Judy Greer, Hollywood’s Favorite Co-Star, Finally Has a Movie of Her Own
But is The Best Christmas Pageant Ever really what her fans were clamoring for?
For years now, an online shop called Super Yaki has been selling T-shirts and hats printed with the message “Judy Greer should’ve been the lead.” That there is a market for such merch is a testament to just how beloved an actress Greer is, despite her reputation for always playing the sidekick rather than the main character. This month, though, all those T-shirt wearers’ wishes have come true, sort of: The 49-year-old receives top billing in a movie that debuted on more than 3,000 screens last week. If you’re wondering why you haven’t heard of it, here comes the catch: Greer’s lead role is in a Christian family movie from the son of the guy who co-wrote the Left Behind books. Oh, and it’s debatable whether it’s really even a lead at all.
Greer plays a mother who takes on the challenge of directing her church’s annual Christmas play in The Best Christmas Pageant Ever, directed by Dallas Jenkins, creator of Christian miniseries The Chosen, and based on the 1972 children’s book of the same name. It is not, strictly speaking, actually her first lead role. She headlined the short-lived FX comedy Married in 2014 alongside Nat Faxon, some critics called her 2022 turn in the Hulu sitcom Reboot a lead, and just last year she starred in a sci-fi film called Aporia. But that movie was small-budget and little-seen, and her most prominent roles have been, if not supporting, in ensembles (which is how Reboot would best be classified). Even if it’s not technically true, certainly the perception of Greer has long been that she’s a tried-and-true second fiddle: the best friend (as in The Wedding Planner), the deliverer of bitchy asides (as in 13 Going on 30), the wacky comic relief (as in Arrested Development), and often, the scene stealer. This is not a quality that has gone unremarked upon, even and especially by Greer herself, who often speaks about it in interviews and used it as a jumping-off point for her 2014 memoir, I Don’t Know What You Know Me From: My Life as a Co-Star.
Fans of Greer want more for the actress, and have for a long time. (Hence the T-shirts.) In 2015, Scott Meslow wrote a memorable piece for the Week giving name to what he dubbed “the Judy Greer effect”—his observation that as Greer’s career went on, she was being cast in bigger and bigger movies, like any actress might hope to be, only in smaller and smaller roles. She had moved on from playing the rom-com best friend to playing parts in some of the most high-budget projects out there, but rather than getting better, her parts had arguably diminished. That year alone, she appeared in four major movies, including Ant-Man and Jurassic World, but in each one her part was unimportant at best, thankless at worst. She was just another victim of Hollywood’s tendency to stick accomplished actresses in so-called personal roles, playing the wives and mothers of the people who actually the drive the action in the story. Such roles only scratched the surfaces of Greer’s talent, and she deserved better, Meslow wrote.

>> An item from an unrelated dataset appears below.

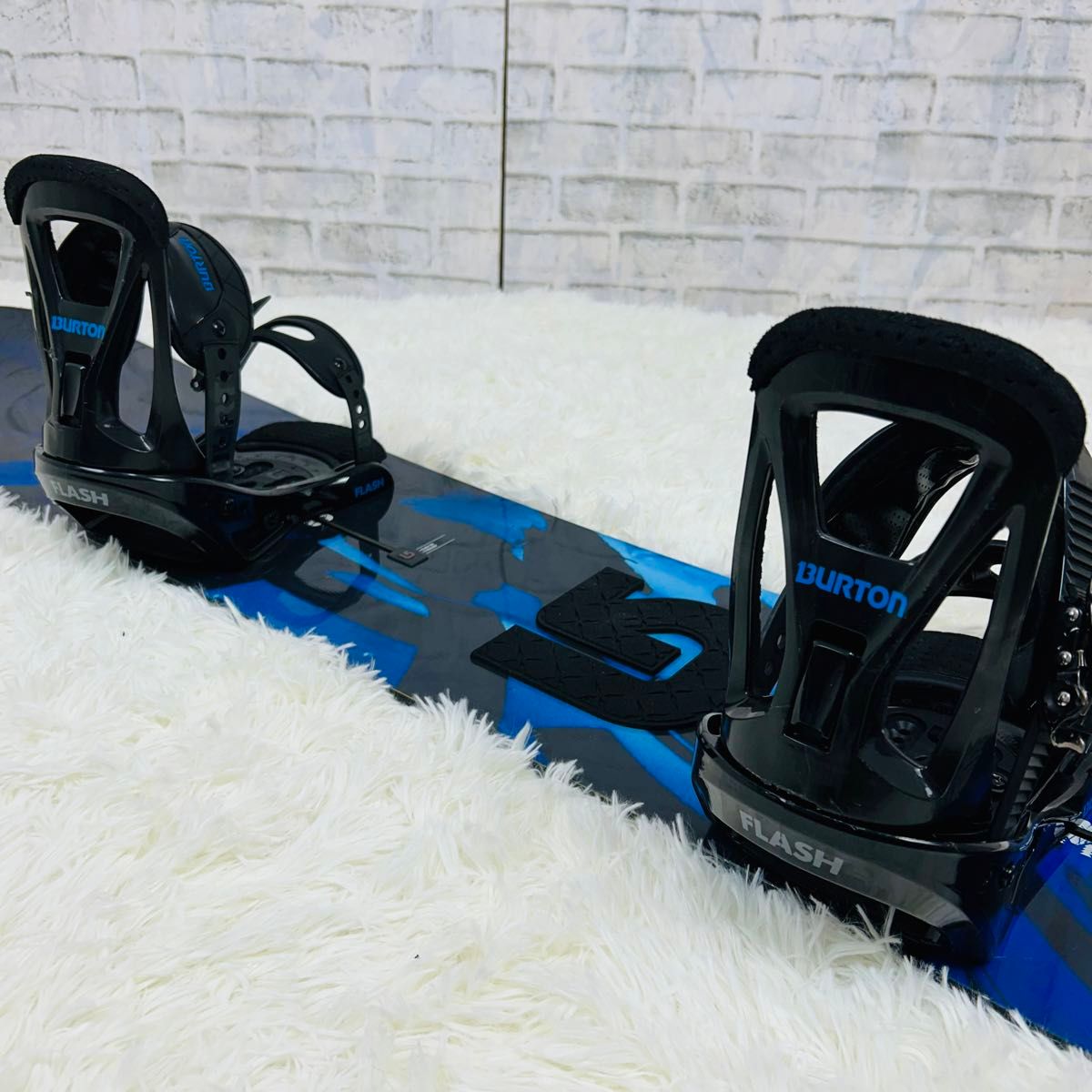 良品】 バートン CLASH 155cm メンズ スノーボード 2点 バインL 良品】 バートン CLASH 155cm メンズ スノーボード 2点 バインL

Nearly a decade later, has anything changed? Greer has stayed booked and busy, as the saying goes, and her IMDb page is a wonder to behold, with its 160-plus credits. But one could easily make the argument that she still hasn’t been given the showcase her abilities merit. The best approximation may have been the Hollywood satire Reboot, which was canceled after one season, a decision that Greer seemed particularly disappointed about when she spoke about it in a Wall Street Journal interview last year. (She has also stepped behind the camera, directing her own film in 2018.)
All of that brings us back to The Best Christmas Pageant Ever, which has already exceeded some box-office expectations, beating out such buzzy, less Christian alternatives as Hugh Grant’s A24 horror movie Heretic. In the movie, Greer plays Grace, a stay-at-home mother of two. Her family lives in a small town where the annual church Christmas pageant is a big deal. (It’s purposely unclear what year it is, but it’s the video game– and cellphone–free idyllic past.) This year is the pageant’s 75th anniversary, meaning it’s more important than ever, and when health problems take the usual director out of commission, Grace volunteers, even though her family and the other mothers in town don’t think she has it in her. Problems arise when the Herdmans, six siblings who are notorious around town for being badly behaved, show up at church wanting to participate in the play.
The Herdmans are the real center of the movie; Greer, then, is only the lead by default, the six of them splitting the vote, as it were. Grace spends most of the movie doing her best to civilize the Herdmans and shield them from the judgmental townfolk, and Greer radiates kindness in the role, mostly but not always succeeding in doing so without dipping into condescension. There’s little room, though, for the quirk and wit fans have come to expect of Greer’s best performances. Playing a sweet, guileless mother doesn’t give her much to chew on. She’s pleasant, and so is the movie, which has the overall feel of a cartoon Christmas special come to life. But it’s decidedly not the lead performance all those T-shirts had in mind for her. And so, Greerios, we must continue to manifest. Yes, Judy Greer should have been the lead … of a good movie.